Many a book has touted the importance of tradition in the pursuit of the good life. To my mind, the measure of such a work’s success is the likelihood that it will persuade someone who comes in unconvinced.
The Unbroken Thread: Discovering the Wisdom of Tradition in an Age of Chaos, by the New York Post firebrand and Catholic convert Sohrab Ahmari, initially offers high hopes on this front. Ahmari is an excellent writer, and his first few chapters are able examples of the genre. To support the notion that there’s more to knowledge than scientific fact or that a belief in God is logical, he employs the sorts of arguments and examples you might expect to find in, say, Bishop Robert Barron’s well-regarded Catholicism documentary series. But the project is ultimately hampered by bizarre storytelling choices and sneaking signs that the author hasn’t been entirely honest about his agenda.
Ahmari opens his chapter on filial obligations by deriding a real-life modern woman for the sin of accepting payment from her wealthy in-laws for professional services performed while helping them expand their charitable foundation. “Understanding what a huge amount of time and energy this would take,” the woman explained, her parents-in-law had insisted on compensating her and her husband for their work. Ahmari, aghast, mockingly speculates that the couple might soon start “using Excel to track billable hours for time spent” on everyday family activities—and then uses his imagined scenario as evidence that we’ve collectively forgotten what we owe our parents. But it’s not clear most readers would share Ahmari’s horror at the idea of compensating family members for their labor, and that lack of shared intuition puts the whole section on shaky footing.

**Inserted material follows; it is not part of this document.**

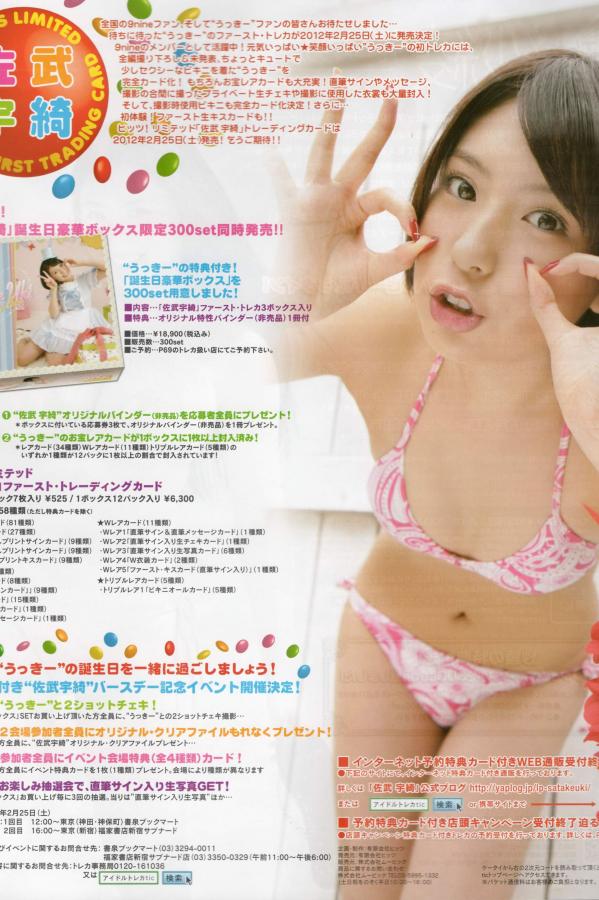 石原さとみ 石原里美 [Bomb Magazine]高清写真图2012 No.03 AKB48(Team4) NMB48 前田敦子 渡邊麻友 SUPER☆GiRLS 石原里美 剛力彩芽 篠崎愛第59张图片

Likewise, it’s hard to think of a poorer way to introduce the thought of St. John Henry Newman, a brilliant but by no means infallible 19th century theologian, than by presenting his life as a foil to the idea that you should “think for yourself.” Newman was a prominent opponent of “liberalism in religion,” which he defined as “the doctrine that there is no positive truth in religion, but that one creed is as good as another.” Yet rejecting moral relativism doesn’t mean forfeiting the right to exercise reason, question authority, and “test everything; retain what is good” (as St. Paul puts it in the Bible).
Still, Ahmari is on mostly solid ground while discussing lessons that might guide an individual in his or her pursuit of the good life. Things take a darker turn when government power enters the picture. This is epitomized by a chapter that draws on the life of St. Augustine to suggest that God wishes us to use “Caesar’s sword” for religious ends.

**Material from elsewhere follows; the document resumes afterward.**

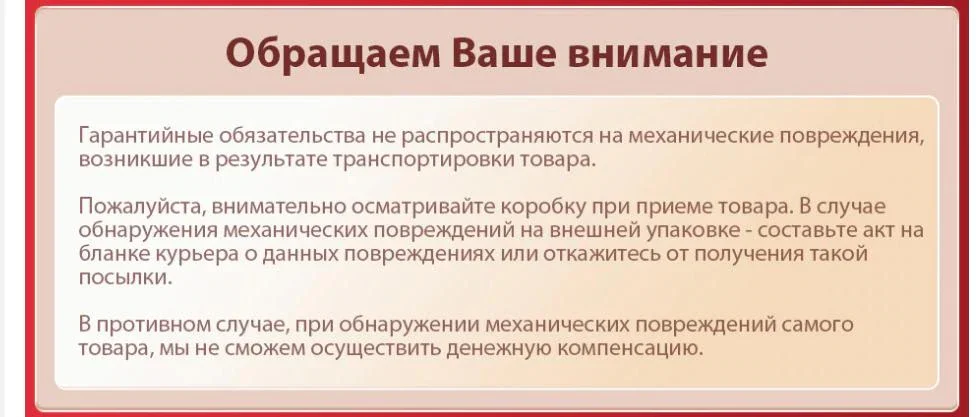 гарантия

It’s worth acknowledging that some in the West today believe there should be an impermeable wall between faith and politics. Not merely between church and state: They don’t just insist that the civil government refrain from picking winners and losers among the multiplicity of belief systems; they insist that individual members of society rely on secular ideas alone when engaging in political activities. As if, in a liberal democratic order, people’s deeply held convictions could be scrubbed from the culture or the culture kept from bearing on political outcomes.
At first, this seems like the chapter’s target. But the reader soon finds that Ahmari is casting doubt on church-state separation itself.

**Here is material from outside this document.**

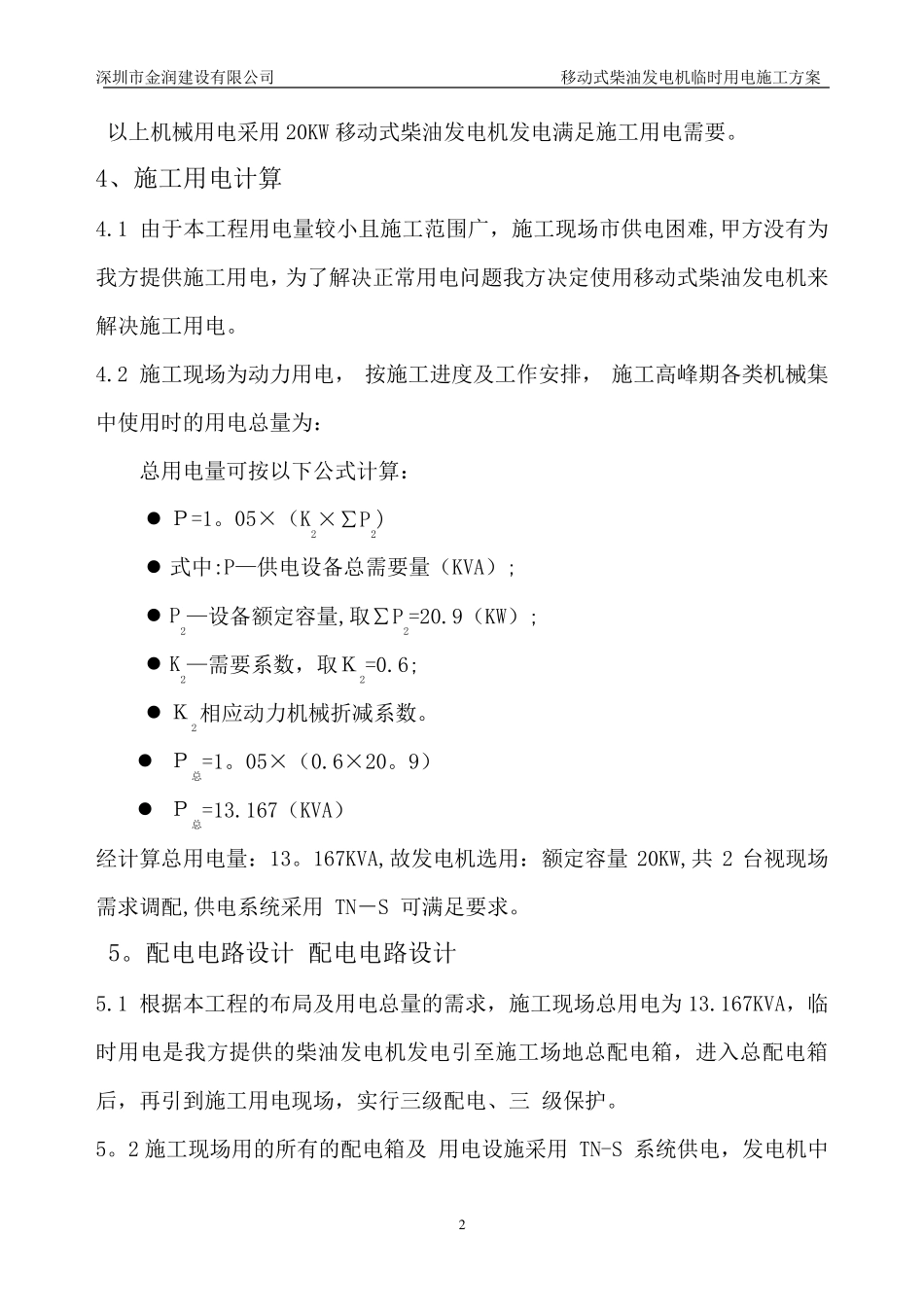 柴油发电机临时用电施工方案_第3页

Augustine’s masterwork, The City of God, was a response to the anti-Christian backlash that followed the Visigoth sack of Rome. Pagans “gathered in salons to wax nostalgic about the polytheist past, with its ‘dear, old religion,’ captured in the epic poetry of Virgil,” Ahmari writes. “Before the rise of Christianity, they argued, Rome had gathered great wealth and vast dominions….And hadn’t the Christian conversion now sunk that commonwealth into chaos?”
To combat these sentiments, Ahmari tells us, Augustine first demonstrated that the pre-Christian era at a practical level “was no golden age of peace, the neo-pagans’ sweet nostalgia notwithstanding.” But the bishop’s “deeper project” was to argue that pre-Christian Rome was also an unjust society in principle: “Simply put, Rome didn’t give God his due, and therefore its justice wasn’t true justice.”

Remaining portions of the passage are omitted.